[tarantool-patches] Re: [PATCH] sql: replace instr() with position()

Tue Mar 12 16:31:30 MSK 2019

> On 10 Mar 2019, at 10:41, Ivan Koptelov <ivan.koptelov at tarantool.org> wrote:
> 
> Before this patch we had instr() SQL function.
> After the patch it is renamed to position().
> Also a few things have been changed: arguments
> order, allowed arguments types and usage of
> collations.
> 
> The order of the arguments has changed:
> Before: instr(haystack, needle).
> After: position(needle, haystack).

What are reasons to change arguments' order?
I guess to make it closer to ANSI syntax <POSITION a IN b>.

> Type checking became more strict: before it was
> possible to call the function with INTEGER arguments
> or with arguments of different types. Now both arguments
> must have the same type and be either text or binary
> strings.

Are there any reasons to support BLOBs as arguments?
For instance, we’ve banned this opportunity for LIKE func.

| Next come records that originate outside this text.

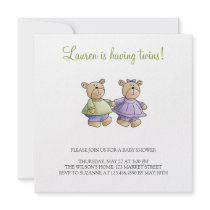 Lil' Bears · Baby Twins Green & Purple Personalized Invites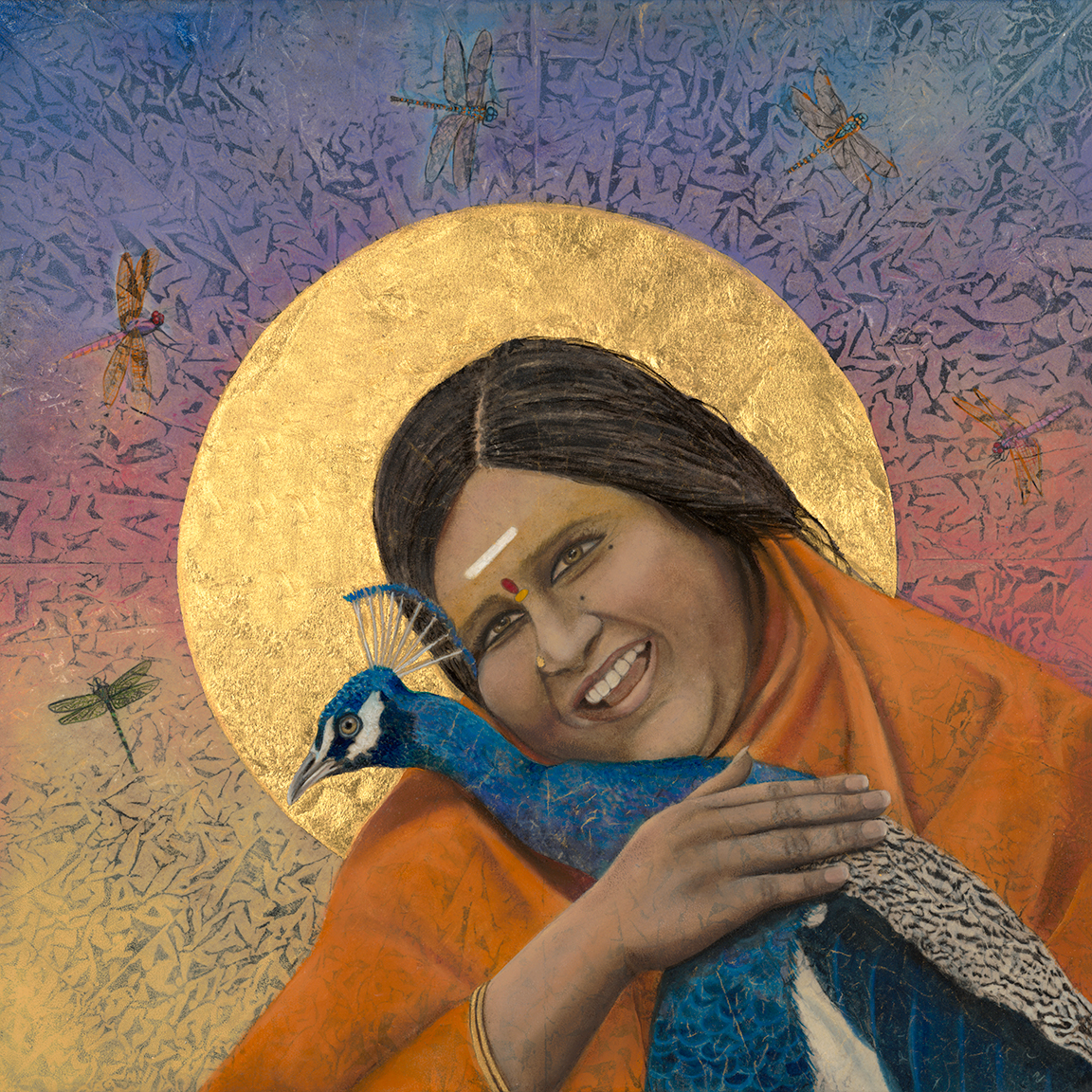 Amma Sri Karunamayi 24" x 24" rice paper, earth pigments, 23kt gold, encaustic, oil on panel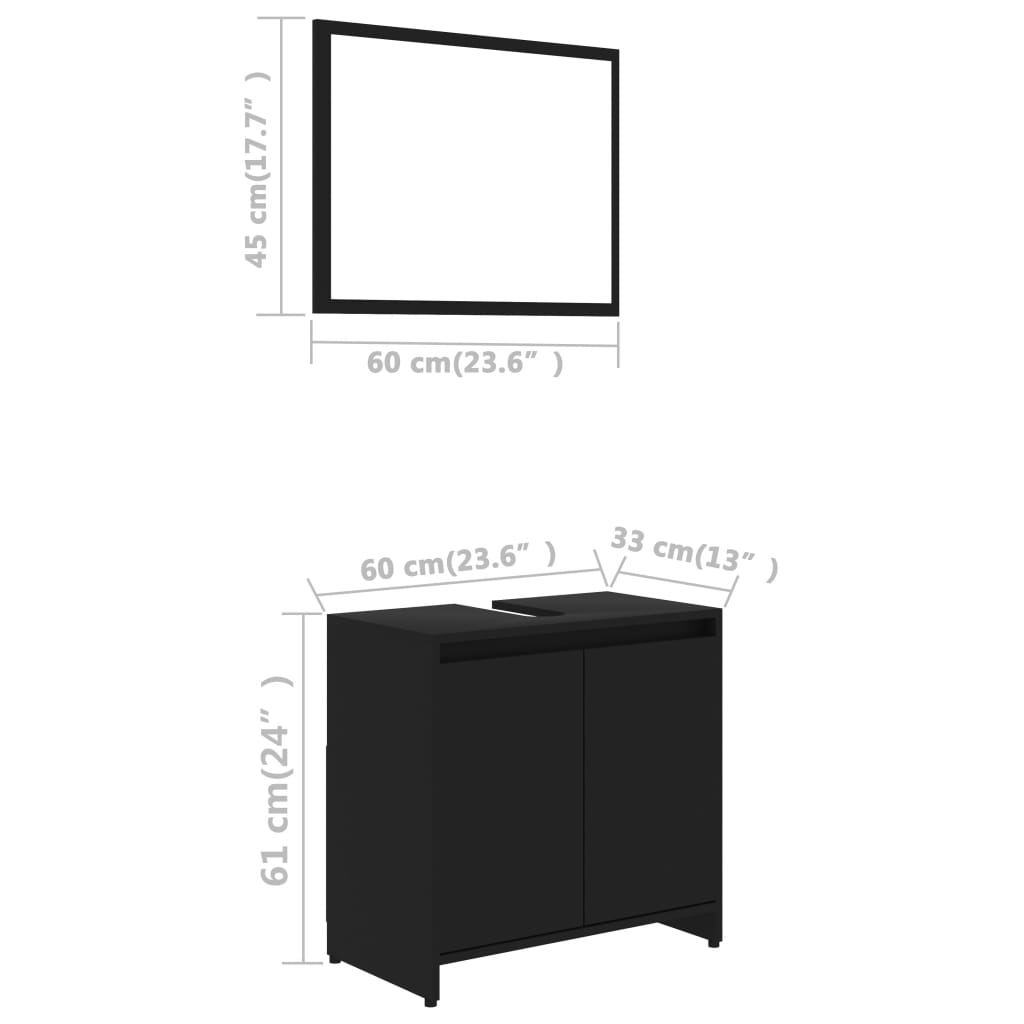 Set Mobili da Bagno Nero in Legno Multistrato 802652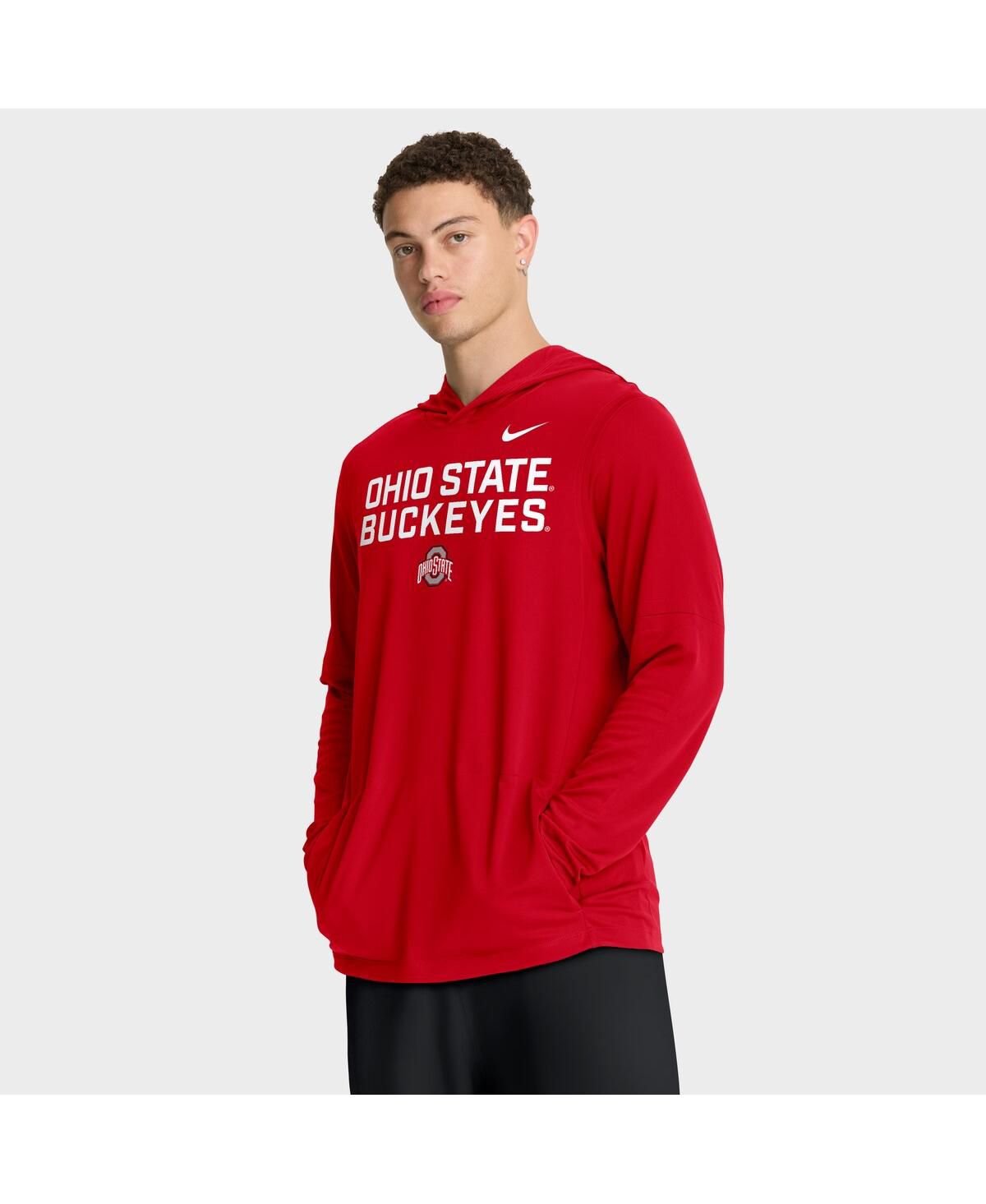 Мужская алая футболка с капюшоном и длинными рукавами Ohio State Buckeyes 2025 Sideline Performance от Scarlet с длинным рукавом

> Before the patch collations were not taken into
> consideration during the search. Now it is fixed, and
> both implicit (column) collations and explicit
> (using COLLATE expression) are used. There are
> several possible cases:
> 
> - One of collations is mentioned alongside with explicit
> COLLATE clause, which forces this collation over another
> one. It is allowed to have the same forced collations;
> - Both collations are derived from table columns and they
> are the same;
> - One collation is derived from table column and another
> one is not specified (i.e. COLL_NONE);

This is regulated by ANSI “Type combination” rules.
Skip this paragraph and simply mention this fact.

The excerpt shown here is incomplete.